Python pandas: output dataframe to csv with integers
Question:
I have a pandas.DataFrame
that I wish to export to a CSV file. However, pandas seems to write some of the values as float
instead of int
types. I couldn’t not find how to change this behavior.
Building a data frame:
df = pandas.DataFrame(columns=['a','b','c','d'], index=['x','y','z'], dtype=int)
x = pandas.Series([10,10,10], index=['a','b','d'], dtype=int)
y = pandas.Series([1,5,2,3], index=['a','b','c','d'], dtype=int)
z = pandas.Series([1,2,3,4], index=['a','b','c','d'], dtype=int)
df.loc['x']=x; df.loc['y']=y; df.loc['z']=z
View it:
>>> df
a b c d
x 10 10 NaN 10
y 1 5 2 3
z 1 2 3 4
Export it:
>>> df.to_csv('test.csv', sep='t', na_rep='0', dtype=int)

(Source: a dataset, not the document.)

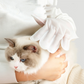 Waterless Pet Grooming Gloves for Cats & Dogs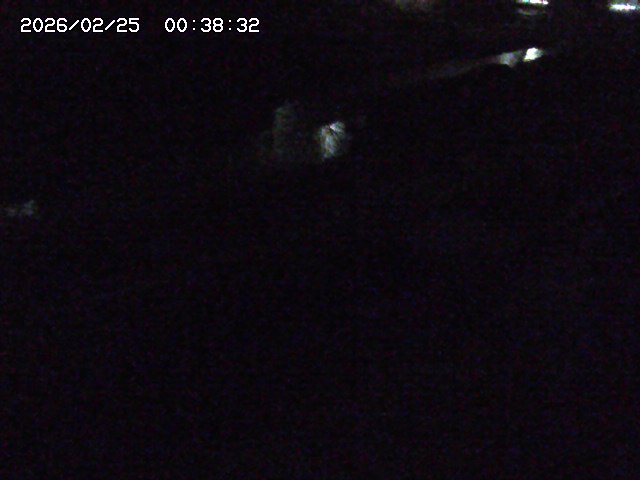 加茂川２2026/02/25 2:30:00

>>> for l in open('test.csv'): print l.strip('n')
a b c d
x 10.0 10.0 0 10.0
y 1 5 2 3
z 1 2 3 4
Why do the tens have a dot zero ?
Sure, I could just stick this function into my pipeline to reconvert the whole CSV file, but it seems unnecessary:
def lines_as_integer(path):
handle = open(path)
yield handle.next()
for line in handle:
line = line.split()
label = line[0]
values = map(float, line[1:])
values = map(int, values)
yield label + 't' + 't'.join(map(str,values)) + 'n'
handle = open(path_table_int, 'w')
handle.writelines(lines_as_integer(path_table_float))
handle.close()
Answers:
This is a “gotcha” in pandas (Support for integer NA), where integer columns with NaNs are converted to floats.
This trade-off is made largely for memory and performance reasons, and also so that the resulting Series continues to be “numeric”. One possibility is to use dtype=object
arrays instead.
The problem is that since you are assigning things by rows, but dtypes are grouped by columns, so things get cast to object
dtype, which is not a good thing, you lose all efficiency. So one way is to convert which will coerce to float/int dtype as needed.
As we answered in another question, if you construct the frame all at once (or construct column by column) this step will not be needed
In [23]: def convert(x):
....: try:
....: return x.astype(int)
....: except:
....: return x
....:
In [24]: df.apply(convert)
Out[24]:
a b c d
x 10 10 NaN 10
y 1 5 2 3
z 1 2 3 4
In [25]: df.apply(convert).dtypes
Out[25]:
a int64
b int64
c float64
d int64
dtype: object
In [26]: df.apply(convert).to_csv('test.csv')
In [27]: !cat test.csv
,a,b,c,d
x,10,10,,10
y,1,5,2.0,3
z,1,2,3.0,4
The answer I was looking for was a slight variation of what @Jeff proposed in his answer. The credit goes to him. This is what solved my problem in the end for reference:
import pandas
df = pandas.DataFrame(data, columns=['a','b','c','d'], index=['x','y','z'])
df = df.fillna(0)
df = df.astype(int)
df.to_csv('test.csv', sep='t')
If you want to preserve NaN info in the csv which you have exported, then do the below.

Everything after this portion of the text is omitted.